The Cluetrain Manifesto, by Rick Levine, Christopher Locke, Doc Searls and David Weinberger, is rather popular with the higher education web community, and has been for a long time. The book has been heralding the “end of business as usual” for more than 10 years now. When I saw that a tenth anniversary edition had been published in 2011, I knew it was time to dive in.
The book begins with the 95 Theses of the Cluetrain Manifesto. These range from “markets are conversations” to “companies need to lighten up and take themselves less seriously” to “to speak with a human voice, companies must share the concerns of their communities.” Even though these theses are more than 10 years old, they still ring true today. This book is all about how the Internet – and the connections it enables – has changed business.

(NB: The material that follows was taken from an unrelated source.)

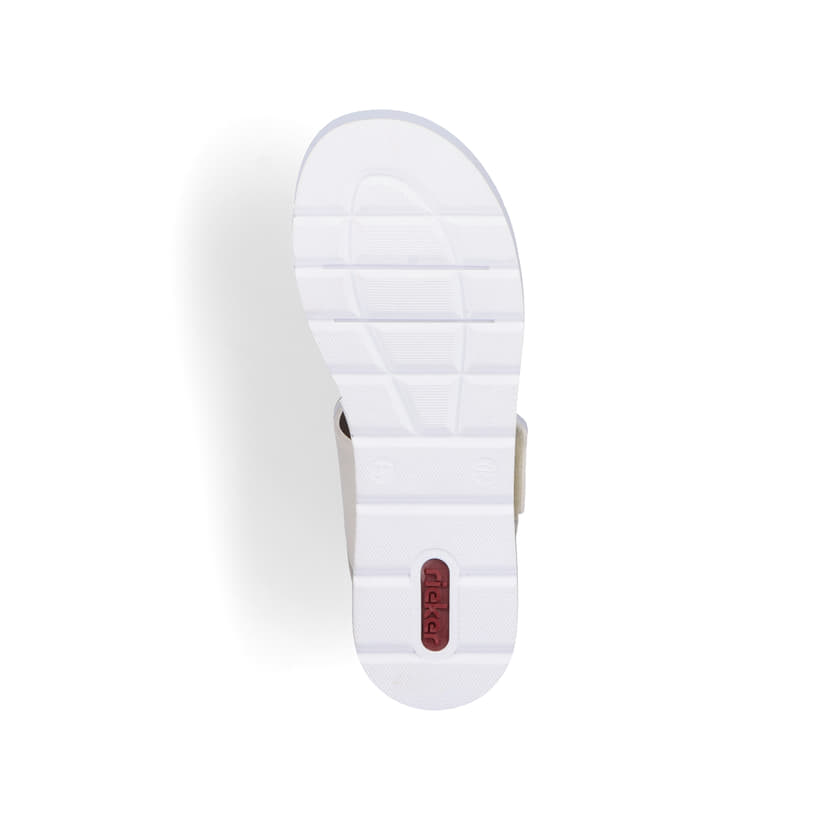 Rieker Artikelnummer V3950-61 Rieker Damen Keilsandaletten hellbeige Sonderangebot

I was challenged by many of the authors’ exhortations, such as:
– Speak in a human voice.
– Get it out there first, don’t wait until it’s perfect.
– Tell the truth.
– Build communities.
– Open up and let people see what’s really going on.
If you’ve read Seth Godin, Eric Karjulato or any number of other writers, you’ll notice similar threads as you read this book. As soon as the Internet was born, real conversations opened up online. Instead of reading official publications and corporate manuals, people began sharing experiences and opinions rather freely. The authors call for companies and the people who run the companies to stop hiding behind sanitized press releases and shiny brochures. They want the real people inside, whether executives or worker bees, to come out and play. Now get out there!